All records below are to be repeated exactly, with the pictures left out.

--*--

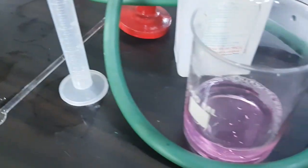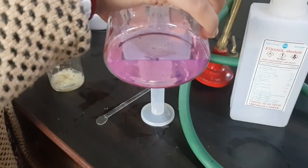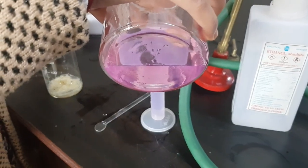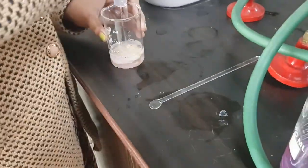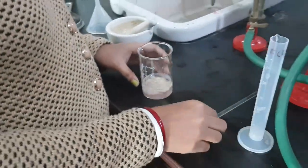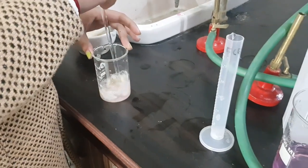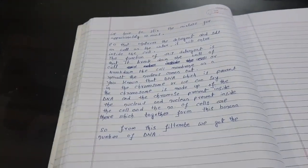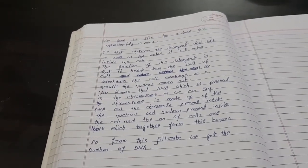Now we will add this mixture — that is the mixture of detergent, any type of detergent — along with salt, to the smashed banana. Next we have to stir it for 10 to 15 minutes. In between, I will explain things. We have to stir the mixture for approximately 10 to 15 minutes.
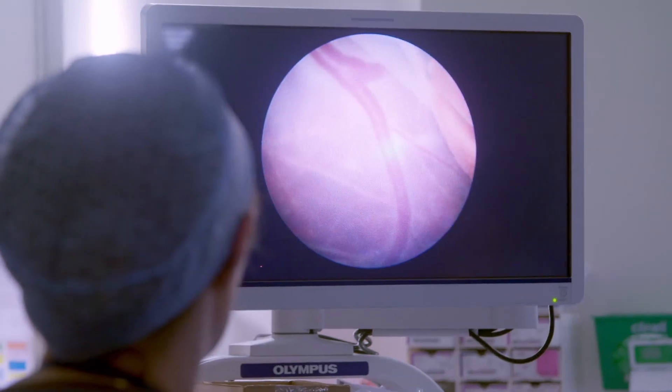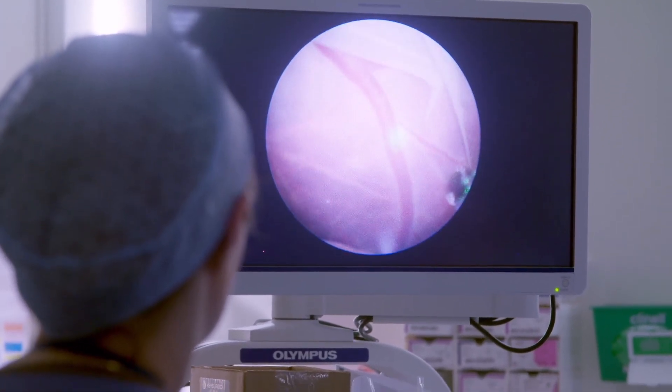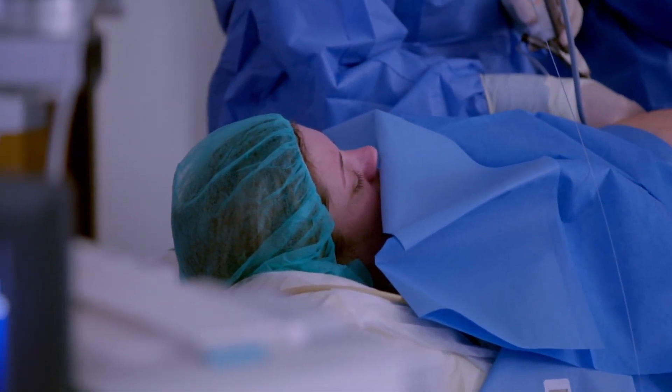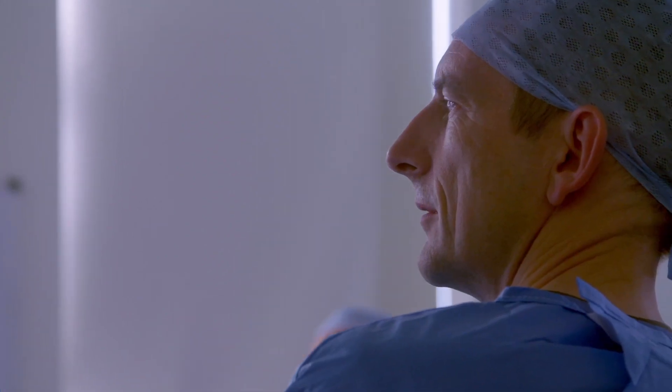Putting a camera through the uterus and the amniotic membranes might result in rupture of the membranes. And if this is going to happen, it typically happens within a couple of days of the procedure. So we need to monitor the mother very carefully in the days afterwards.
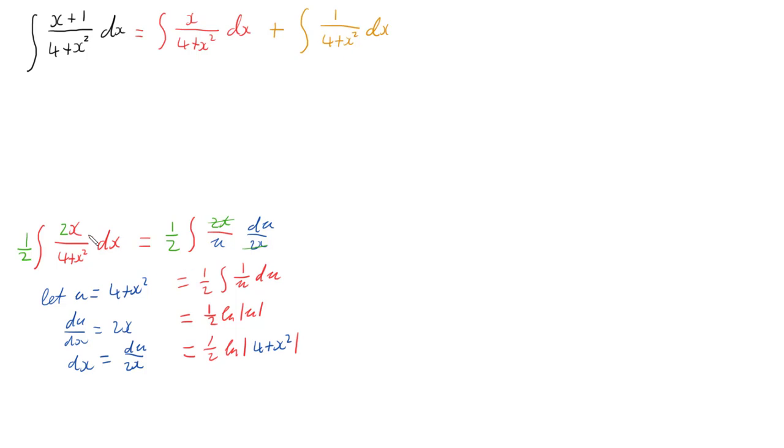We'd have a plus c if that were the only integral, but I'll leave the constant for now. Looking at the second integral, 1 over (4 + x²) dx — this almost looks like one of our inverse trig forms. If we have the integral of a over (a² + x²) dx, that equals arctan(x/a) plus c.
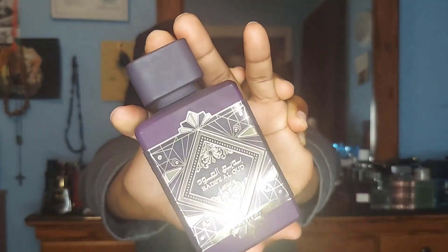So the fragrance for today is going to be from the house of Latafa — that's Latafa's Bere El Amethyst. It's a nice little purple bottle, similar to Initio's Atomic Rose, and obviously similar notes as well.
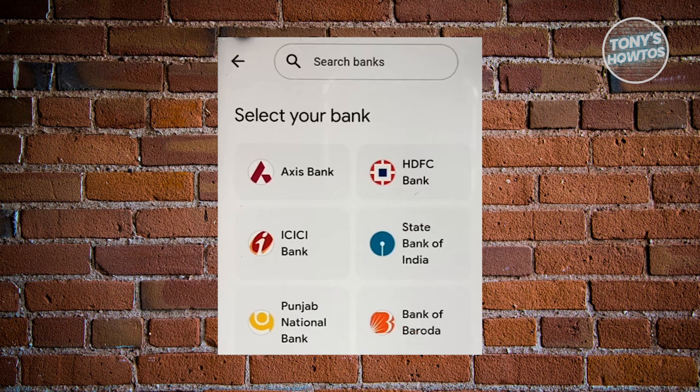Now we just need to search for the bank account that you want to add. You can select your bank here or even search for your bank at the very top, using the search capabilities of Google Pay.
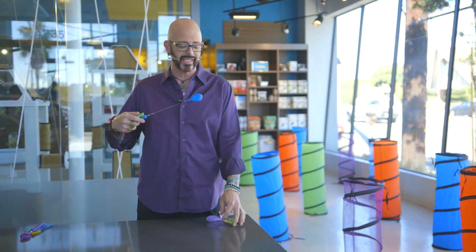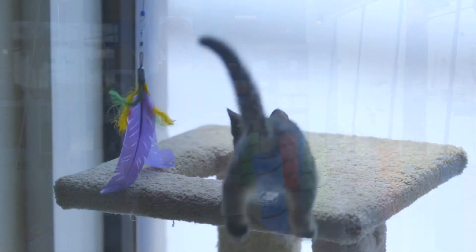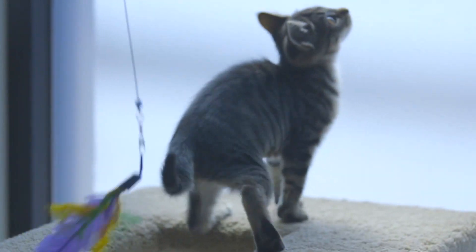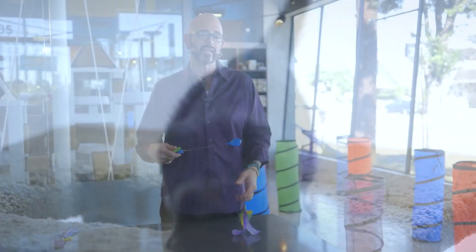But then, once they start getting frustrated because they can't catch something, that's when the feather comes in. Wave it around — it twirls like a feather, it sounds like a bird as air goes through it, and you control how much or how little your cat can catch it.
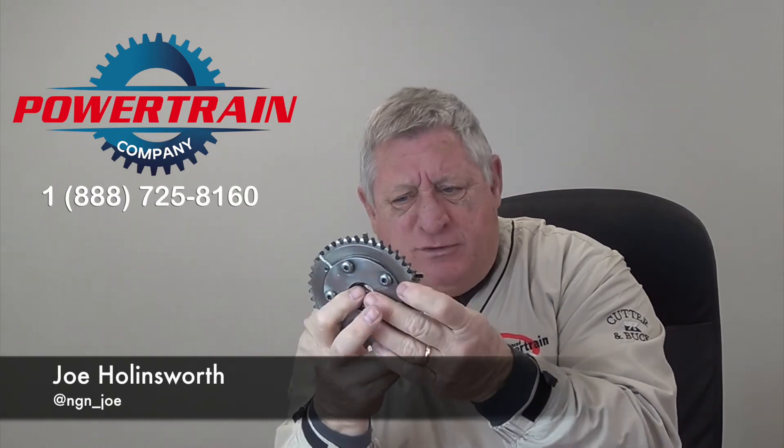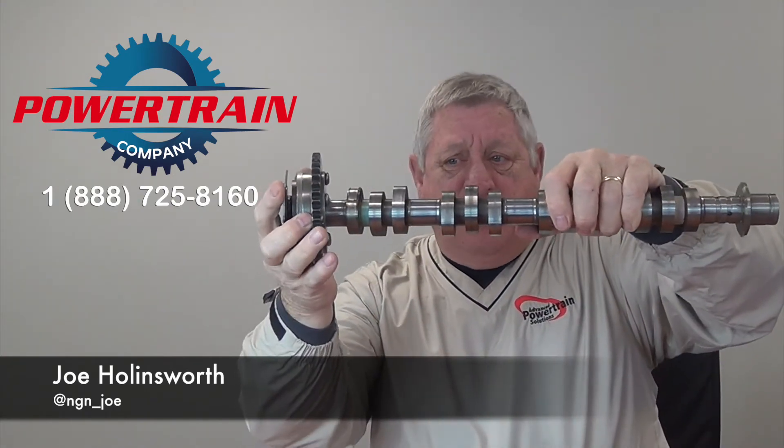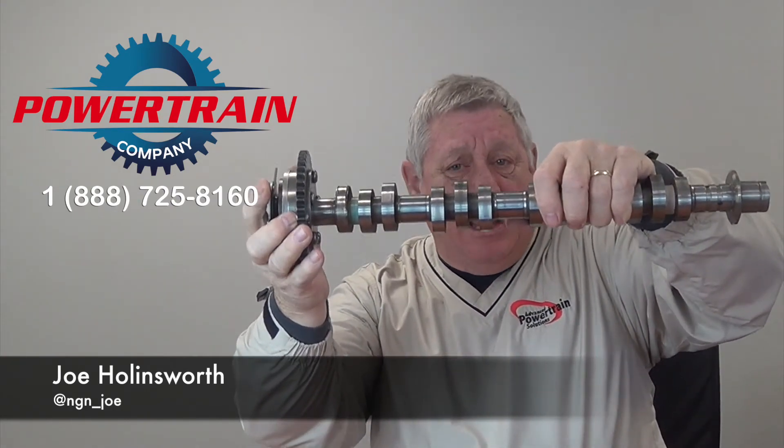This is a cam phaser — this is what it looks like. It's pretty cool. It's got a big spring inside here, it's got a sprocket, and it's got a centrifugal throwout. It's got an oil passage in the back that fills with oil and controls it. Pretty neat little piece of equipment. What it does is it goes on the end of the camshaft and controls the speed of the camshaft.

--*--

*Response box*:
Now we will add this mixture — that is the mixture of detergent, any type of detergent — along with salt, to the smashed banana. Next we have to stir it for 10 to 15 minutes. In between, I will explain things. We have to stir the mixture for approximately 10 to 15 minutes.
Putting a camera through the uterus and the amniotic membranes might result in rupture of the membranes. And if this is going to happen, it typically happens within a couple of days of the procedure. So we need to monitor the mother very carefully in the days afterwards.
We'd have a plus c if that were the only integral, but I'll leave the constant for now. Looking at the second integral, 1 over (4 + x²) dx — this almost looks like one of our inverse trig forms. If we have the integral of a over (a² + x²) dx, that equals arctan(x/a) plus c.
So the fragrance for today is going to be from the house of Latafa — that's Latafa's Bere El Amethyst. It's a nice little purple bottle, similar to Initio's Atomic Rose, and obviously similar notes as well.
Now we just need to search for the bank account that you want to add. You can select your bank here or even search for your bank at the very top, using the search capabilities of Google Pay.
But then, once they start getting frustrated because they can't catch something, that's when the feather comes in. Wave it around — it twirls like a feather, it sounds like a bird as air goes through it, and you control how much or how little your cat can catch it.
This is a cam phaser — this is what it looks like. It's pretty cool. It's got a big spring inside here, it's got a sprocket, and it's got a centrifugal throwout. It's got an oil passage in the back that fills with oil and controls it. Pretty neat little piece of equipment. What it does is it goes on the end of the camshaft and controls the speed of the camshaft.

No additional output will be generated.